Laura Beck (Mitte) spielt beim Fußball-Landesligisten 1. FFC Fortuna Dresden. Trotz ihrer Diagnose will sie am Ball bleiben: „Das ist meine Leidenschaft, mein Ausgleich zum Alltag.“
Laura Beck (Mitte) spielt beim Fußball-Landesligisten 1. FFC Fortuna Dresden. Trotz ihrer Diagnose will sie am Ball bleiben: „Das ist meine Leidenschaft, mein Ausgleich zum Alltag.“ © Foto: Jürgen Lösel

Kann und wird sie. MS gilt als unheilbar. Allerdings führt die Erkrankung des zentralen Nervensystems nicht zwangsläufig zu erheblichen Einschränkungen. Jeder Patient hat einen individuellen Verlauf. In Deutschland sind etwa 200.000 Menschen an MS erkrankt, Frauen doppelt so häufig wie Männer. „Die Krankheit verläuft in Schüben. Es gibt verschiedene Verlaufsformen. Bei einigen gehen die Symptome wieder zurück. Meine Diagnose ist für eine chronische Krankheit relativ frisch. Den Verlauf kann man deshalb bei mir noch nicht absehen“, sagt sie. Seit ihrer Diagnose suchten sie zwei Schübe heim.

„Bisher haben sich 90 Prozent der Symptome zurückgebildet. Was am Ende passiert, weiß keiner“, erklärt Beck. Das MS-Zentrum am Uniklinikum Dresden behandelt diese Wellen häufig mit einer Cortisonschub-Therapie – bei Beck ebenfalls. Drei oder fünf Tage fließt täglich jeweils eine Infusion des Steroidhormons in ihren Körper – auch mit optischen Folgen. „Du bekommst ein Cortison-Gesicht, siehst aus wie ein Streuselkuchen, quillst auf“, sagt die junge Frau.

Cocktail für ein ziemlich normales Leben

Zudem nimmt sie morgens und abends jeweils eine Tablette und reichert die mit Nahrungsergänzungsmitteln in Tablettenform an. Der Cocktail ermöglicht ihr ein ziemlich normales Leben, findet die Fußballerin des Landesligisten 1. FFC Fortuna Dresden. „Ich habe einen guten Alltag für mich gefunden“, bestätigt sie. Beck arbeitet als Ingenieurwirt für Versorgungstechnik in der Dresdner Filiale eines Leipziger Unternehmens. „Ich plane Klima- und Kälte- sowie Lüftungsanlagen“, erklärt sie. Nebenbei absolviert sie parallel dazu ein Master-Studium in Versorgungs- und Energiesystemtechnik.

Im Juni heiratete sie ihren Freund Steve Maschik, den Trainer von Fortuna.

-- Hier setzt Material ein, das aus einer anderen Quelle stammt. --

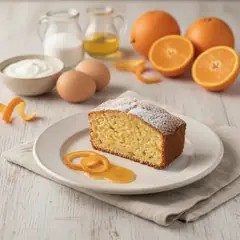 Plumcake all'arancia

Dass sie trotz der beruflichen und gesundheitlichen Beschränkungen mindestens einmal pro Woche zum Training kommt, ist für Beck enorm wichtig. „Fußball ist meine Leidenschaft, mein Ausgleich zum Alltag und für mich der Punkt, wo ich mich auspowern, meinen Kopf ausschalten kann, wo alles Drumherum nicht wichtig ist“, sagt sie.

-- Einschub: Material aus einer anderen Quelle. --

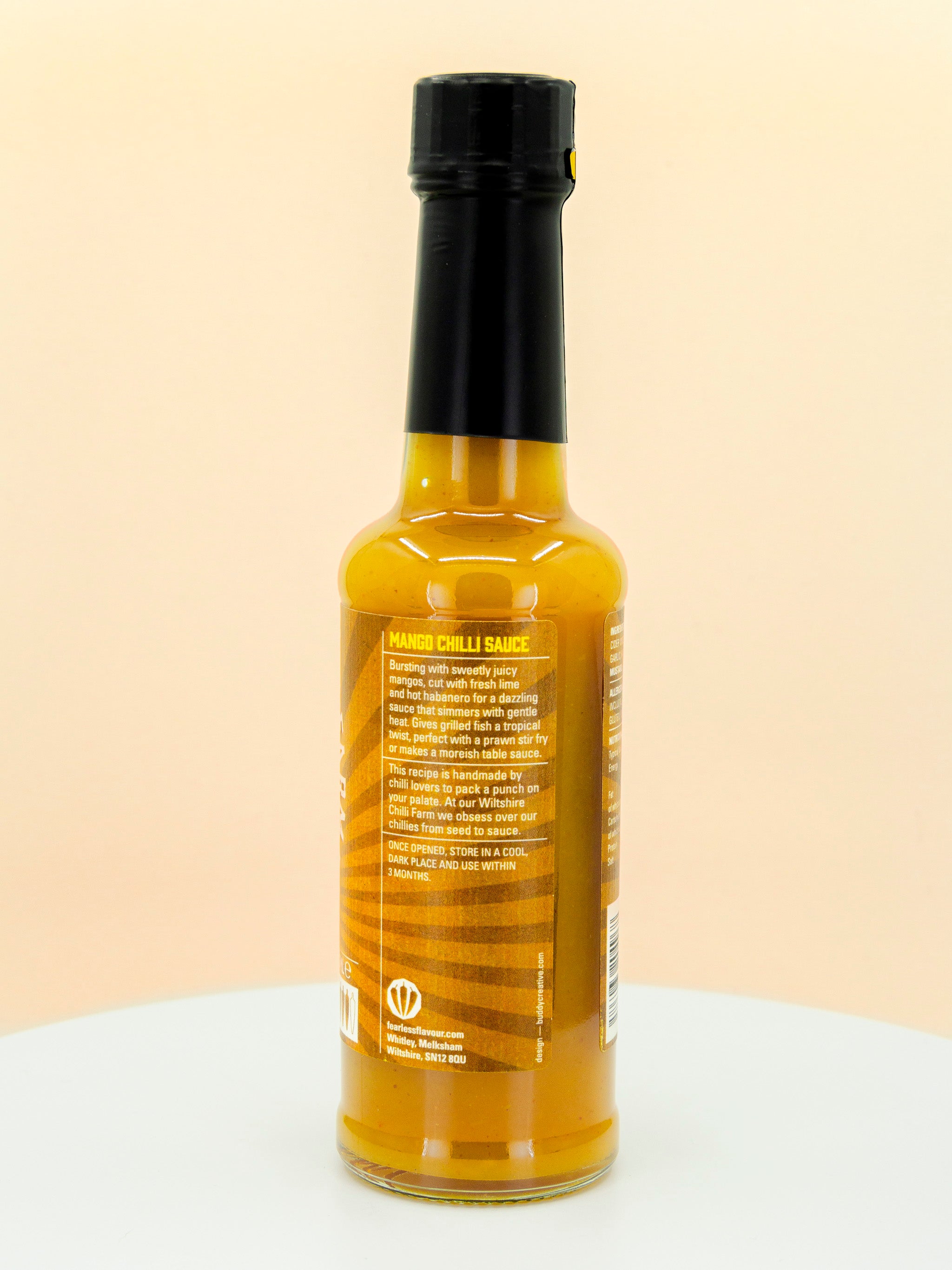 Mango Chilli Hot Sauce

Die Mittelfeldspielerin will sich von der Krankheit ihr Leben nicht begrenzen lassen. „Es macht Spaß, mit den Mädels zu kicken. Ich wäre froh, wenn ich perspektivisch wieder ein Spiel mitspielen kann“, sagt sie. Bewegung empfehlen auch die Ärzte. „Wenn ich mich dazu überwinde, geht es mir danach immer besser“, erklärt die MS-Patientin. „Laura“, sagt ihr Mann stolz, „hat gefühlt 5.000 Energiegeneratoren auf dem Rücken.“

Team im Job ein großer Rückhalt

Die 25-Jährige sprengt Grenzen, geht offen mit ihrer Krankheit um. Auf ihrem Instagram-Account veröffentlicht sie schonungslos auch die weniger schönen Begebenheiten aus dem Alltag einer MS-Patientin. „Ich finde es wichtig, dass man offen damit umgeht. Für viele ist das ein Tabuthema – im Job, im Freundeskreis oder in der Familie.“ In Becks Umfeld wissen alle Bescheid. Das verhindert falsche Mutmaßungen, Getratsche. „Ich kann den anderen die Unwissenheit nehmen. Man kann nur etwas bewirken, wenn man den Mund aufmacht“, sagt sie. Dass Beck häufiger krankgeschrieben ist als andere, wird von ihrem Arbeitgeber toleriert. „Ich bin froh, dass wir so ein angenehmes und engagiertes Team haben. Das ist ein großer Rückhalt.“

Den braucht sie. Denn Beck ist eine, die sich damit beschäftigt, was die Krankheit im schlimmsten Fall mit ihr macht. Manche würde das quälen. „Ich kann mir so immer vor Augen führen, wie gut es mir geht und wie viel Glück ich in Anbetracht der Umstände habe. Es gibt wesentlich jüngere Leute, die schlimmere Symptome haben, sich beispielsweise mit Inkontinenz herumplagen“, sagt Beck und fügt leise an: „Man sieht auch Menschen im MS-Zentrum, die nur noch da sind. Ich habe keine Angst davor, was kommen könnte.“

Es könnte auch nur ein Fußballspiel sein – mit Beck am Ball.